When a person establishes a trust, they must establish a trustee and a beneficiary. The trustee is the person who oversees the management of the trust assets. This trustee distributes the assets to the beneficiaries at the appropriate times, and cares for the assets while they are in the trust. The trustee has a fiduciary duty to maintain the trust assets appropriately, which means they cannot take them and use them for their own purposes, or behave irresponsibly and squander the trust assets.
One or more beneficiaries can be named to control trust assets. For example, a person could set up a joint trust for himself and his spouse. Both he and his spouse are the beneficiaries of the trust, and are entitled to the control and use of the assets that are held in the trust. However, neither he nor his spouse fully own the trust assets- the trust itself does this.

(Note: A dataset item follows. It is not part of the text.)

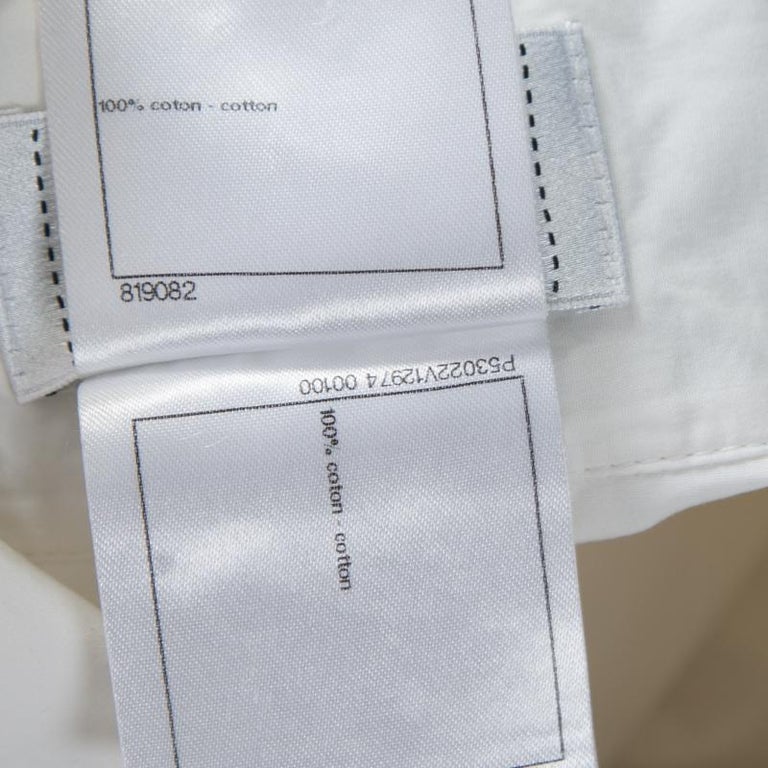 Chanel White Cotton Contrast Neck Tie Detail Cropped Blouse M In Good Condition In Dubai, Al Qouz 2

Numerous types of trusts exist. Living trusts, irrevocable trusts, and marital trusts are all different types of trusts. Any of these types of trusts can hold the same type of assets; the differences lie in who the beneficiaries are, and how and when the assets are distributed.
Conditions can also be placed on the disbursement of assets within the trust. For example, it is common for people to set up a trust in which the assets are distributed when a person reaches a certain age, or accomplishes certain milestones. The trustee is responsible and has control over the assets until the age is reached, or the person accomplishes the milestone, at which point the beneficiary of the trust is given complete control over the assets. This is often done when a valuable asset is bequeathed to a child, who is not yet mature enough to properly manage the asset alone.
Any type of tangible or intangible items can be placed in a trust. Money, stocks, real estate, bonds, patents, intellectual property rights, and other such items can all be placed in trust. The key to putting an asset into a trust is to follow the formal legal process of setting up the trust itself.